How a Watch Works (1949) [video] - betolink
https://www.youtube.com/watch?v=TQd-0YXqmR0

======
tzs
I've never understood why these old instructional films so often seem much
better at getting things across and making them stick in my mind than more
modern material.

A couple other examples.

1\. A 1959 film from Bell Labs on wave behavior that made standing wave,
reflections, energy loss due to impedance mismatch, and impedance matching
much clearer than anything else I've seen: [1].
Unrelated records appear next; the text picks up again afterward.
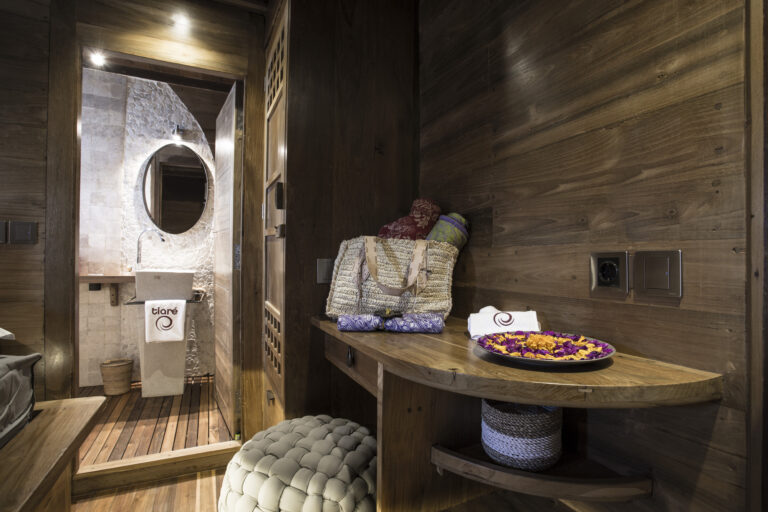 Cabin Details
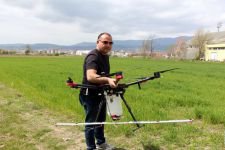 TARLALARDA DRONE İLE İLAÇLAMA YAPIYOR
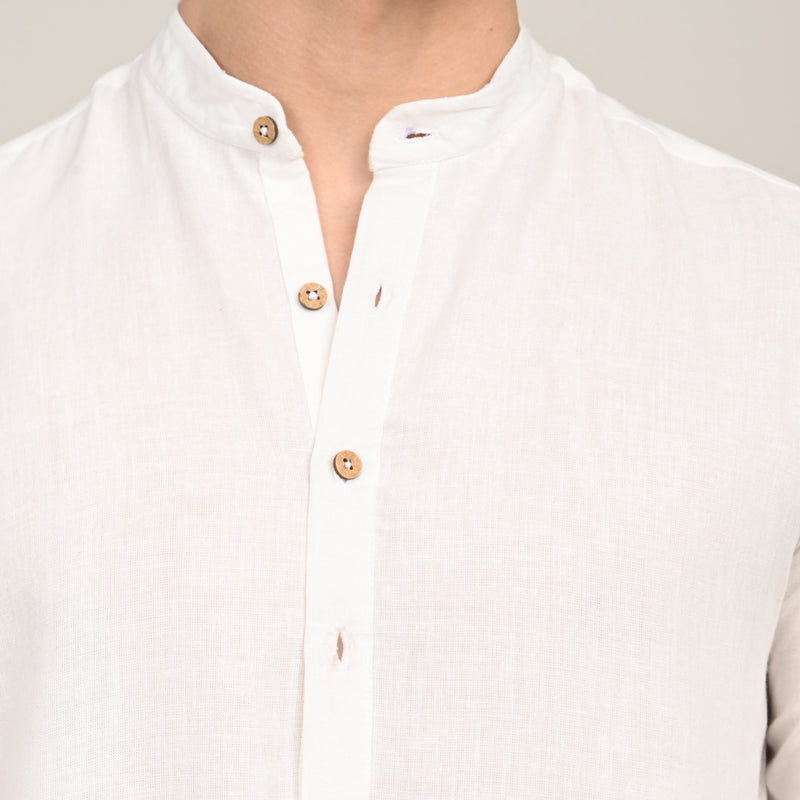 Indrazen Set of 2 - Mandarin Collar Diamond Popover Placket Shirt & Pleated Chinos  Ecru & Navy Blue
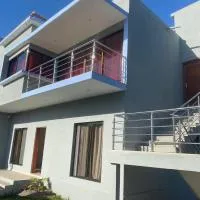 Estha's Apartments, hotel di Vila Praia Do Bilene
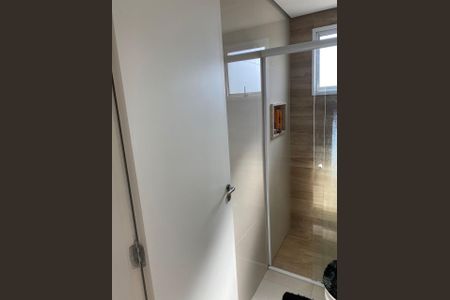 Banheiro de apartamento à venda com 2 quartos, 50m² em Jardim Vila Formosa, São Paulo
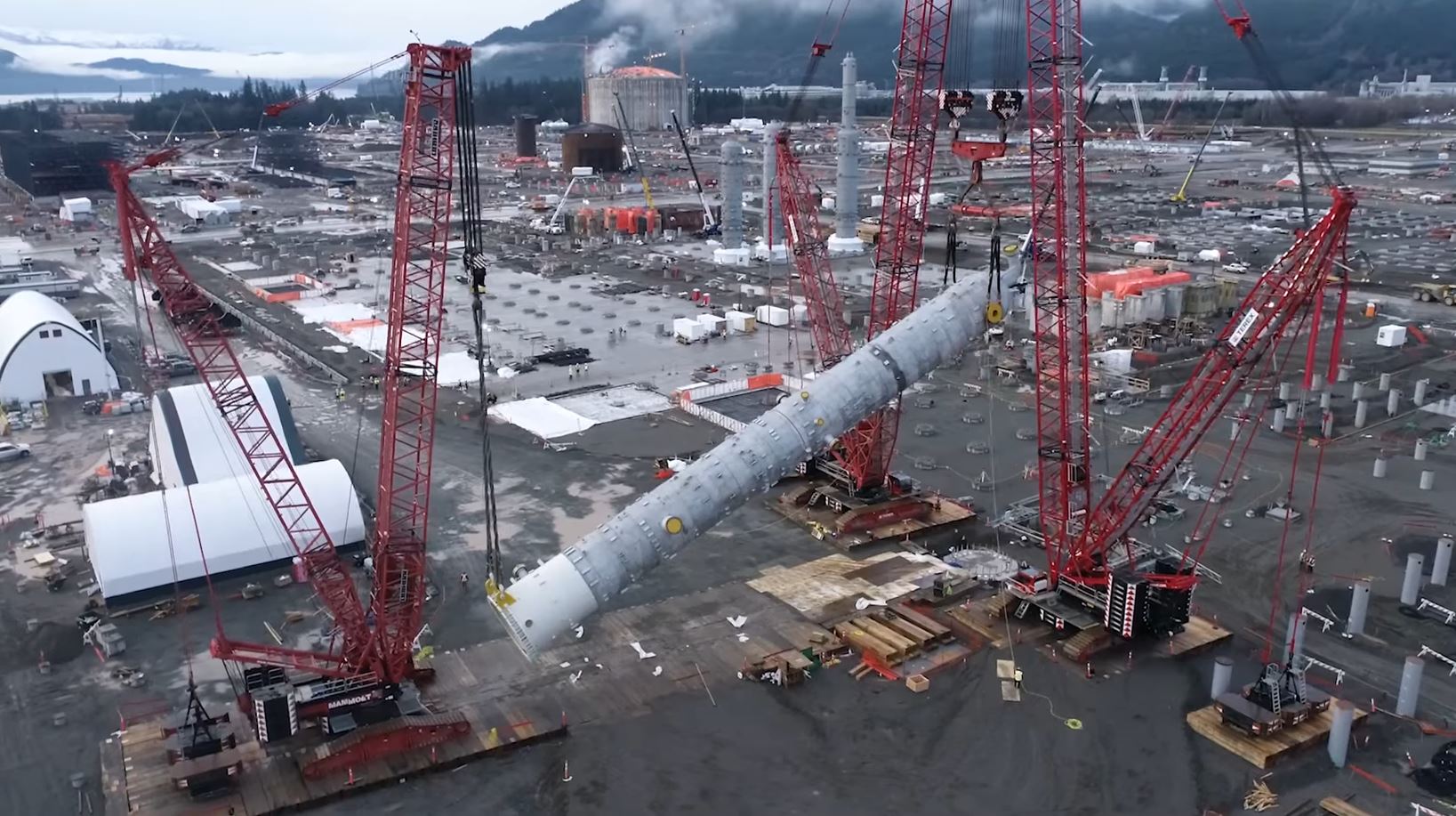 Video LNG Canada lifts main absorber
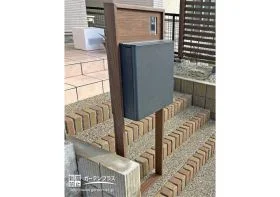 お住まいに溶け込む木調の機能門柱[施工後]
2\. A 1937 explanation of how the differential in a car works: [2]. Here is
another upload of that which is lower resolution, but has more from the same
source in the sidebar [3].

I suppose it could be something akin to survivorship bias that makes old
educational films seem so good--the bad ones don't get remembered 60 years
later.

[1]
[https://www.youtube.com/watch?v=DovunOxlY1k](https://www.youtube.com/watch?v=DovunOxlY1k)

[2]
[https://www.youtube.com/watch?v=K4JhruinbWc](https://www.youtube.com/watch?v=K4JhruinbWc)

[3]
[https://www.youtube.com/watch?v=yYAw79386WI](https://www.youtube.com/watch?v=yYAw79386WI)

------
Animats
This is spam. Someone copied an out of copyright industrial film from the
Internet Archive and "monetized" it on YouTube.[1]

The Internet Archive has a good selection of other Jam Handy films.
Recommended: "American Maker" and "Master Hands". There's also a long series
of Chevrolet-sponsored films on brakes, suspensions, differentials, engines,
and such.

[1]
[https://archive.org/details/HowaWatc1949](https://archive.org/details/HowaWatc1949)